Following a directive issued by President Obama in March, the U.S. Department of Labor has been working on updating the exemptions to overtime under the Fair Labor Standards Act. Last week, SHRM lead a contingent of members to meet with legislators and regulators about both overtime exemptions and proposed legislation that would automatically debar federal contractors from further work for FLSA violations. The SHRM members talked about the difficulties the exemptions already pose for employers because of their complexity and the obstacles they create for workplace flexibility.

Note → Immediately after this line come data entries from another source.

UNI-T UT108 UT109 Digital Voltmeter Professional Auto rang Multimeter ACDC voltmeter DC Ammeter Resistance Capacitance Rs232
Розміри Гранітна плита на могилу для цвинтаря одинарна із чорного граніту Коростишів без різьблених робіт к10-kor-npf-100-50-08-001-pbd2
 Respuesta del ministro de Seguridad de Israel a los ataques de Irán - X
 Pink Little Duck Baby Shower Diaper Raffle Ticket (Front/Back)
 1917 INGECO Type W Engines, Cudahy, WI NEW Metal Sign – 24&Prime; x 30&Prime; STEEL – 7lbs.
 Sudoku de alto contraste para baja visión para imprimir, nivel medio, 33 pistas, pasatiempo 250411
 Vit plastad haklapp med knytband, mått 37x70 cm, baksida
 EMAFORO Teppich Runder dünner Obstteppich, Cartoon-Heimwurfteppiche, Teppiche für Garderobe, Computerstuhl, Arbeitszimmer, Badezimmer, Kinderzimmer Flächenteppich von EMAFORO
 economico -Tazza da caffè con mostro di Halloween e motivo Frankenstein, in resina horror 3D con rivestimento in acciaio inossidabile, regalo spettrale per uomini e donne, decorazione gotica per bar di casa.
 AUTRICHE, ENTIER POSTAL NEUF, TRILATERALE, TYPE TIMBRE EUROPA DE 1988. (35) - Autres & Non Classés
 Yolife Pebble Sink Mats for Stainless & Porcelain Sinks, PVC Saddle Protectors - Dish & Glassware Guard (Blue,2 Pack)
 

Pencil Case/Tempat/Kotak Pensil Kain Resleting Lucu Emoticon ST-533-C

The changes the DOL is considering include raising the salary basiswhich would allow those who make more than $455 per week to earn overtime, and changing the primary job duties under each FLSA classification. The administration originally hoped to reveal proposed changes this month, but the DOL has announced it will delay the regulations until early 2015.
In other developments:
- Harvard and the University of North Carolina were sued by Asian American advocacy groups for race discrimination.
- The New York Times wrote about a new study which shows that a diverse workforce helps make better business decisions.
- The EEOC launched another lawsuit over pre-employment health tests and health history questionnaires.
- The EEOC published its Fiscal Year 2014 Performance and Accountability Report.
- The accessibility of websites and apps continues to be a focus of the U.S. Department of Justice.
- Eric B. Meyer asked “Is it against the law to remote wipe an employee's Candy Crush high score?”
- The National Labor Relations Board received a charge alleging that the U.S. Postal Service failed to bargain with its union after a data breach.